**Data excerpt**.
^^^^^^^^^^^^^^^^

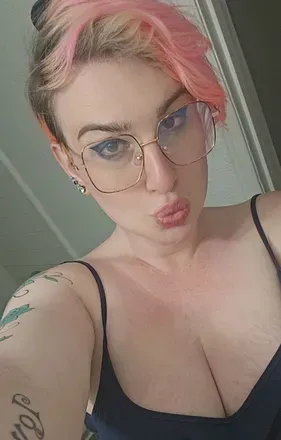 OnlyFans account  ts_menora avatar 1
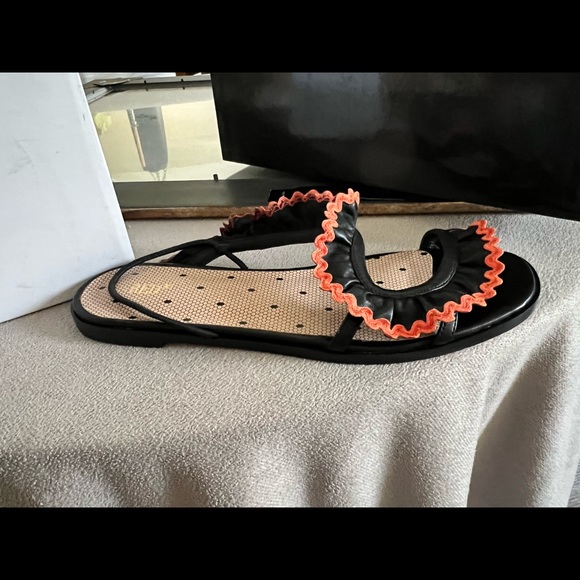 New sandals - Picture 4 of 4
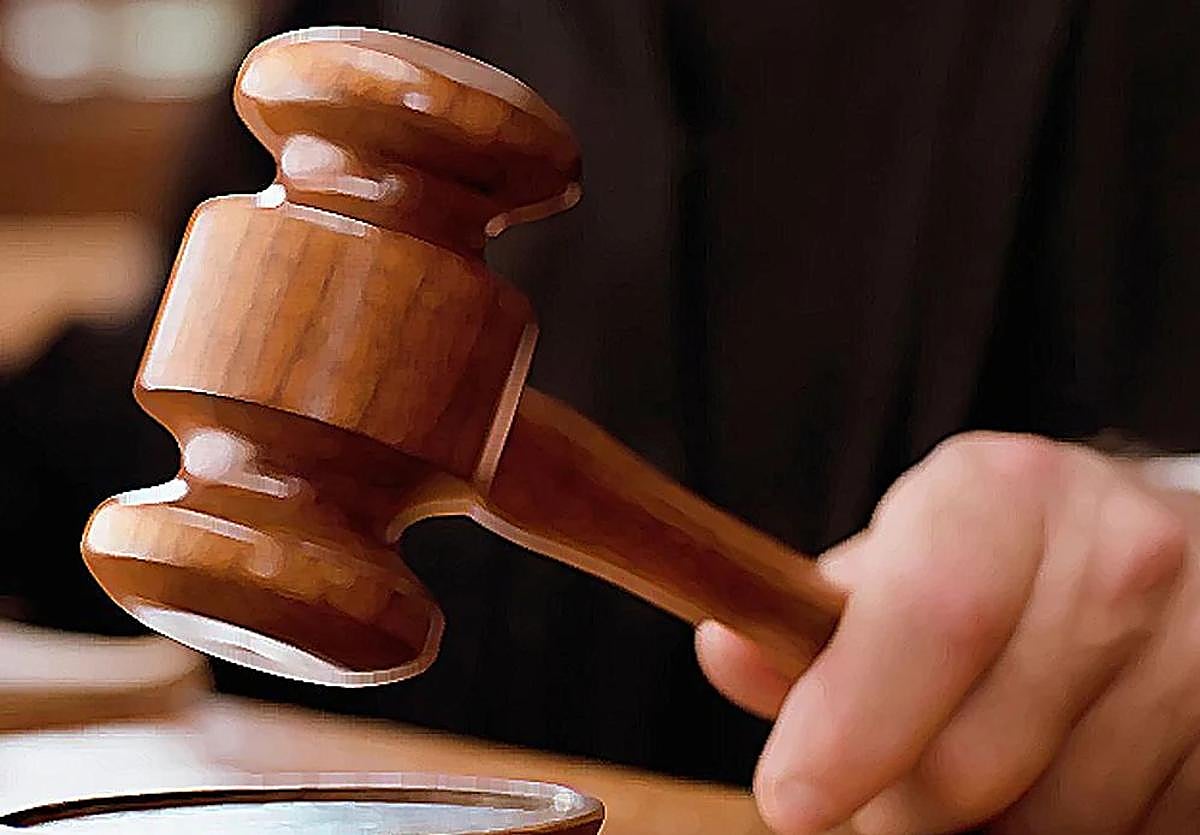 Un juez reconoce como accidente 'in itinere' el de un trabajador que hacía 44 km en bici de su casa al trabajo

^^^^^^^^^^^^^^^^

What you give back should be exactly the lines from the line holding "New sandals - Picture 4 of 4" through the final line of the material, both ends included, and please leave out the pictures.

 New sandals - Picture 4 of 4
 Un juez reconoce como accidente 'in itinere' el de un trabajador que hacía 44 km en bici de su casa al trabajo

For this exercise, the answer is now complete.